→ TASK DIRECTIONS
All lines that hold the string "Size" should be copied. Find them in the listing below.

→ RECORDS FOR THE TASK
────

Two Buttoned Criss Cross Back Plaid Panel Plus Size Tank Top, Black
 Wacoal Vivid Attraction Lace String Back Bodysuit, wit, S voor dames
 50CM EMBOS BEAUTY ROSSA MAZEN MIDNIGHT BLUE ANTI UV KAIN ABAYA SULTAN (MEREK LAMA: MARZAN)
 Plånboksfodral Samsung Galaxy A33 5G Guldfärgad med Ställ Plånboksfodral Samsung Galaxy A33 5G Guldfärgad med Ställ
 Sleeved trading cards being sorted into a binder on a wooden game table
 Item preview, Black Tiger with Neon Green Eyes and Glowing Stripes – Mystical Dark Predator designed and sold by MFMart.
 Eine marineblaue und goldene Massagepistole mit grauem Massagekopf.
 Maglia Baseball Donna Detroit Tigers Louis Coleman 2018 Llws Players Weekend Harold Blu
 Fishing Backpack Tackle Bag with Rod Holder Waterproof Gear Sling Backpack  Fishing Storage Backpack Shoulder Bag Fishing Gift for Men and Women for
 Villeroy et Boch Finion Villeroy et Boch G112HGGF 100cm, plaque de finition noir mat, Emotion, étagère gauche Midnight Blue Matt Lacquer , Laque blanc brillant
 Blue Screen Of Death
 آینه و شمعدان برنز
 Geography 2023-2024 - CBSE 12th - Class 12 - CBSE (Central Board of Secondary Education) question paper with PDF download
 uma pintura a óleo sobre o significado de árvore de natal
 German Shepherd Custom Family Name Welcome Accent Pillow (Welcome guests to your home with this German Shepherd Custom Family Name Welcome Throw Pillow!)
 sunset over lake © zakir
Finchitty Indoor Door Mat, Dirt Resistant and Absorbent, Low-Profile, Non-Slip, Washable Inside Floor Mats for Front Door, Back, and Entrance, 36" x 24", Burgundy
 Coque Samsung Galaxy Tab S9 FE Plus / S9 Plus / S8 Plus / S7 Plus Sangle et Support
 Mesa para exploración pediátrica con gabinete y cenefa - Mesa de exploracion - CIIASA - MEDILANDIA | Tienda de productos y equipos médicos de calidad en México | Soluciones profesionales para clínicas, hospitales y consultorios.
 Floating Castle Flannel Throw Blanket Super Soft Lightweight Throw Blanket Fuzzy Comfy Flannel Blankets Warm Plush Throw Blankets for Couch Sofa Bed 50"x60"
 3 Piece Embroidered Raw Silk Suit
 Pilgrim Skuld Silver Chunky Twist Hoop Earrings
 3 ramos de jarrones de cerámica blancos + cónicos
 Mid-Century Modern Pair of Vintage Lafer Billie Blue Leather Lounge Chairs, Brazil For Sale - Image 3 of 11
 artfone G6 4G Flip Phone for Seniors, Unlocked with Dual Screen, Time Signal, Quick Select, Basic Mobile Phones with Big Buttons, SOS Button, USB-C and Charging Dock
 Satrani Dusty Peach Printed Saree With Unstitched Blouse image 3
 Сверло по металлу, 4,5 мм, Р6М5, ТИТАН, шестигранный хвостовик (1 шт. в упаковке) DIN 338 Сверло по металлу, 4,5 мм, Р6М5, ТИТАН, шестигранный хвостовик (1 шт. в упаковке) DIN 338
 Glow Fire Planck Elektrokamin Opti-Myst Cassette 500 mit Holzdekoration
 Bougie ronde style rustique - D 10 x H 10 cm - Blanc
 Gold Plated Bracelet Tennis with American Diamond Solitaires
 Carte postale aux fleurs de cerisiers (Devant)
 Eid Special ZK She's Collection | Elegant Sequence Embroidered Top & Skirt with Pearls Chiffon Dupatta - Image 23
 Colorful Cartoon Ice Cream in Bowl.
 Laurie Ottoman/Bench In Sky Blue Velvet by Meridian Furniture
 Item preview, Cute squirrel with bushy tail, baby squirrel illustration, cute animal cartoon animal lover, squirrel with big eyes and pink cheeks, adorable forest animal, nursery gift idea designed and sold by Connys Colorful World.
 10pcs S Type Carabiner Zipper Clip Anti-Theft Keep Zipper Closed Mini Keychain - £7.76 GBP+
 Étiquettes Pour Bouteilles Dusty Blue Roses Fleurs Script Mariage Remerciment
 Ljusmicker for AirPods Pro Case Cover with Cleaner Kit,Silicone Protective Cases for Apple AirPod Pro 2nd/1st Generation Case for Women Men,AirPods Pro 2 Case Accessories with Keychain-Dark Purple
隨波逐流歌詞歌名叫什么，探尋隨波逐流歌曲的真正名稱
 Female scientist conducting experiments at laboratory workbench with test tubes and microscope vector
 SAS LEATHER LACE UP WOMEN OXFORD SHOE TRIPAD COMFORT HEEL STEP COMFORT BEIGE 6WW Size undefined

────

→ ANSWER TO THE PROBLEM
Two Buttoned Criss Cross Back Plaid Panel Plus Size Tank Top, Black
 SAS LEATHER LACE UP WOMEN OXFORD SHOE TRIPAD COMFORT HEEL STEP COMFORT BEIGE 6WW Size undefined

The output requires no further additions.